Tower-Houses of the Scottish Borders

Meeting date
Speaker(s)

Alistair Maxwell-Irving

Meeting report

The second bi-fortnightly lecture on 21 October, attended by 72 members and guests, was given by Alistair Maxwell-Irving on The Tower-Houses of the Scottish Borders. The speaker, a noted authority and author of two definitive books on the subject, gave a comprehensive overview of these formidable buildings.

Their origins can be traced back perhaps 3000 years in European and Middle Eastern history, but the speaker began with comparison of the towers of medieval southern Europe, particualrly northern Italy. Tower building there was largely undertaken by powerful families living in cities. Florence, for instance, still has 100 surviving towers, and a 1551 ilustration of Siena shows it full of towers. The speaker used San Gimignano, a small hill town in Tuscany (and a Unesco world heritage site), to dramatically illustrate this almost mania for tower-building by the nobility and rich merchant classes of mediaeval Italy. One interesting point of contrast with Scottish Borders tower-houses was the massive foundations present at San Gimignano (a reflection perhaps of the tectonic instability of that region of Italy?)

The oldest tower-house in Scotland is Cubbie's Roos Castle, built in 1150 on Wyre, Orkney. Its name is a corruption of Holbein Hruga, thought to have been the original builder, and the tower is mentioned in both the Orkneyinga Saga and King Haakon's Saga. In northern Europe, the Normans built our more familiar castles but, even there, there was generally a massive keep at the heart of each Norman castle, although they evolved over time to more elaborate structures where the keep might become less obvious. Scottish Tower-Houses also showed evolution over time, the speaker using twelth-century Mote of Urr, thirteenth-century Caerlaverock and Deeside's fourteenth-century Drum Castle (with its 12-foot thick walls), fifteenth-century Cardoness and sixteenth-century Comlongon Castle to illustrate his point. The last example had some many extra rooms honeycombed into its massive walls that it required supports to keep it from collapsing.

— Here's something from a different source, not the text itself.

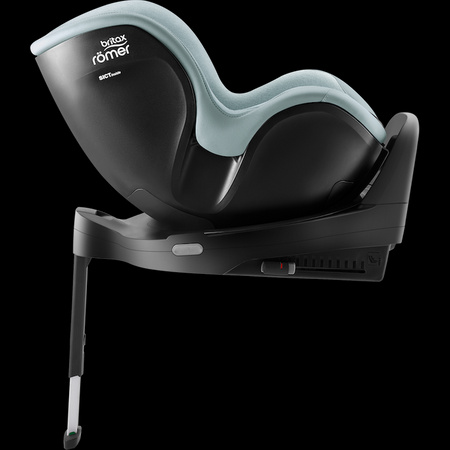 Britax Romer Dualfix Pro M Fotelik Samochodowy 0-18kg Harbor Blue Style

Despite their generally simpler form than Norman castles, tower-houses were not isolated structures, but generally constituted the heart (and last refuge for the family that owned them) of a complex of ancillary buildings such as kitchens, stables, accommodation for the garrison and other retainers, and buildings for storage. Rather than functioning solely as refuge in times of war, these tower-houses were the living quarters of the family owning them and, as such, were often made as comfortable and elaborate as possible within, as well as displaying their power and wealth. The speaker chose to illustrate this point with examples of armorial crests, ogee-arched carved recesses or aumbries called 'buffets' (for displaying important family possessions rather than the modern usage) as well as the more functional garderobes, the term originally meaning wardrobes or lockable stores for valuables, but latterly coming to mean a latrine or privy. (Balvaird Tower-house or Castle in Perthshire even had a flushing garderobe!) Tower-houses and castles (such as Edinburgh Castle) also oftened had Laird's Lugs, listening devices such as hidden openings in walls, allowing the lord to eavesdrop on conversations in the Great Hall.

Physical defence was not neglected, however, and tower-houses were usually protected by parapets, murder holes, arrow-slits and later gunloops once firearms were invented, the speaker showing illustrations of several early guns as examples. Another common form of defence was the machicolation, a projecting battlement with holes through which stones or boiling oil could be dropped on attackers below. The archetypal Scottish protective device on tower-houses, predating its adoption in England, was the yett or strong iron-grid gate, a peculiar feature of Scottish yetts being the nature of the joint between intersecting metal bars. Rather that the pattern everywhere else in Europe of using bolts through drilled holes, joints were securely held in place by sandwiching one cross-piece within the contrary one. Tower-houses often also had prisons but, as a consequence of the disaster to the Scottish Monarchy, Nobility and People that had been the Battle of Flodden (The Floo'ers o' the Forest are a' wede away), no tower-houses built after 1514 had a prison.

The speaker touched on Bastle houses (farmhouses fortfied by commoners against reiver raids), ruinous and modern-day restored towers and associated features such as deer parks, but concluded with a humorous account of disputed inheritance and the military strength of sixteenth-century Stapleton Tower, near Annan. Judged to have been wrongly seized in 1626 by the sons of the original builder, Edward Irving, it was beseiged three times, falling only on the third attempt and taking, it was said, 4 earls, 2 lords, 3 knights, 9 lairds and all their forces to expel the occupying brothers and return it to its rightful owner.